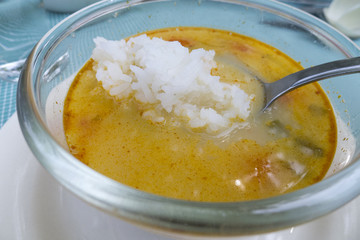 Delicious Tom Yum suop a traditional dish in the Asian kitchen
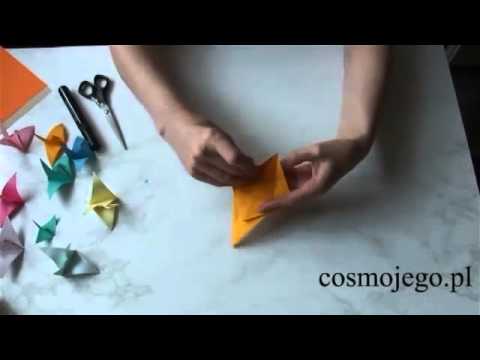 Lecący żuraw -  origami - jak zrobić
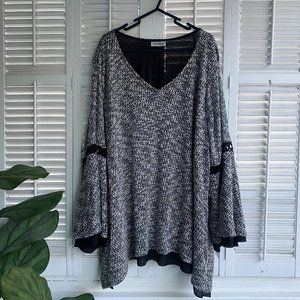 Catherines 3X Knit Sweater Black & White Womens Long Bell Sleeve Chiffon Crochet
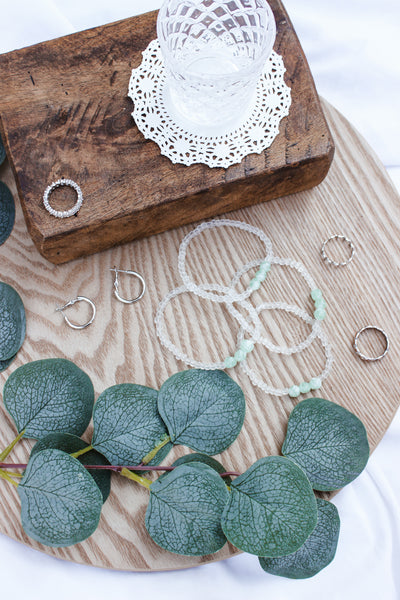 Matte White & Sage Green Beaded Bracelet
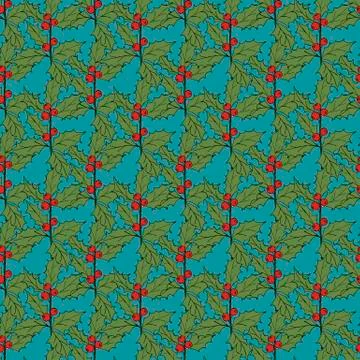 Vintage seamless pattern with vector holly pattern for paper design. Happy new Stock Illustration
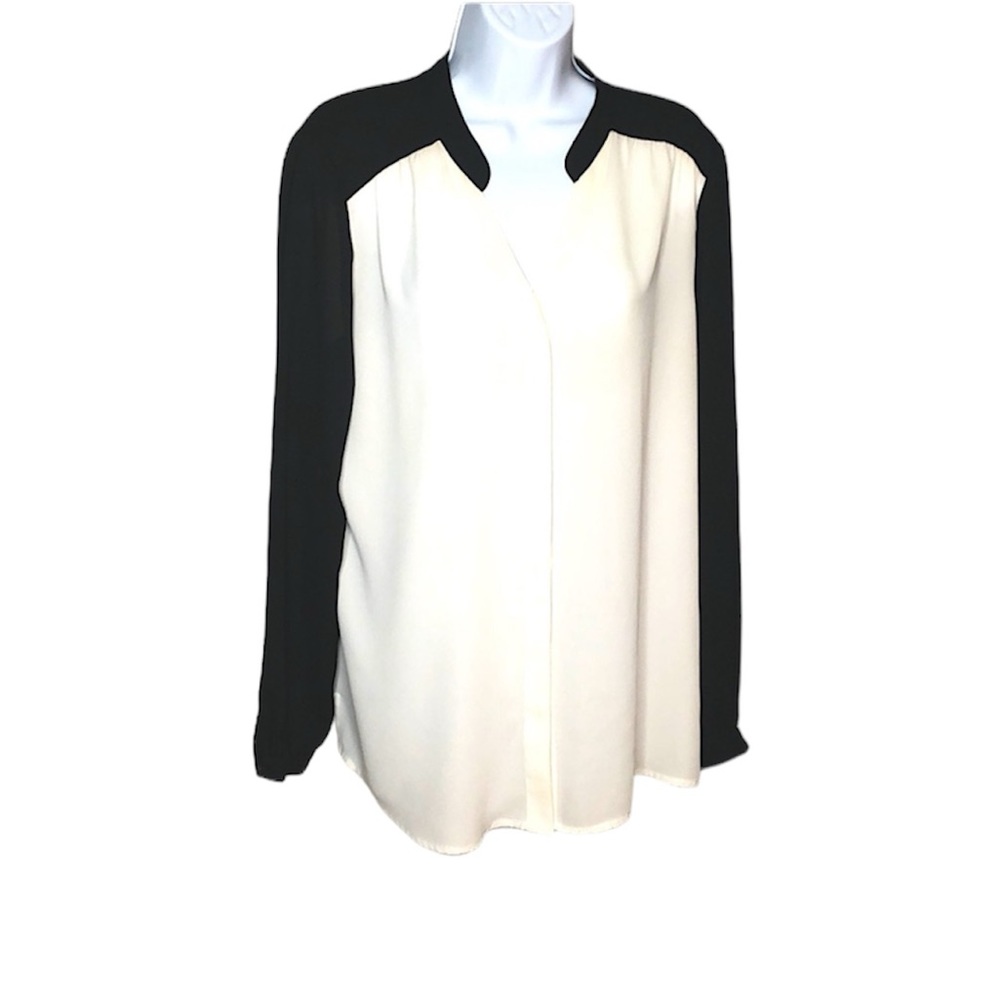 Conrad C Collection Blouse Black and Cream Size 12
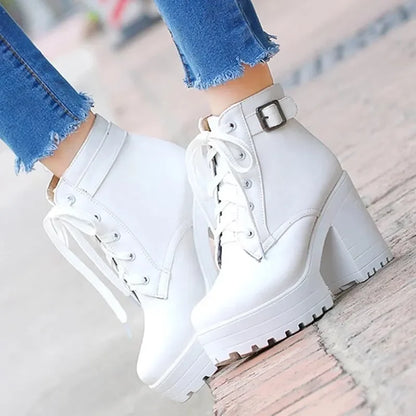 Chic Elevation: Buckled Platform Ankle Boots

Exercise details: Please copy, exactly and only, the lines of the listing that run from the one holding "Catherines 3X Knit" through its last line, and exclude pictures.

Written solution:
 Catherines 3X Knit Sweater Black & White Womens Long Bell Sleeve Chiffon Crochet
 Matte White & Sage Green Beaded Bracelet
 Vintage seamless pattern with vector holly pattern for paper design. Happy new Stock Illustration
 Conrad C Collection Blouse Black and Cream Size 12
 Chic Elevation: Buckled Platform Ankle Boots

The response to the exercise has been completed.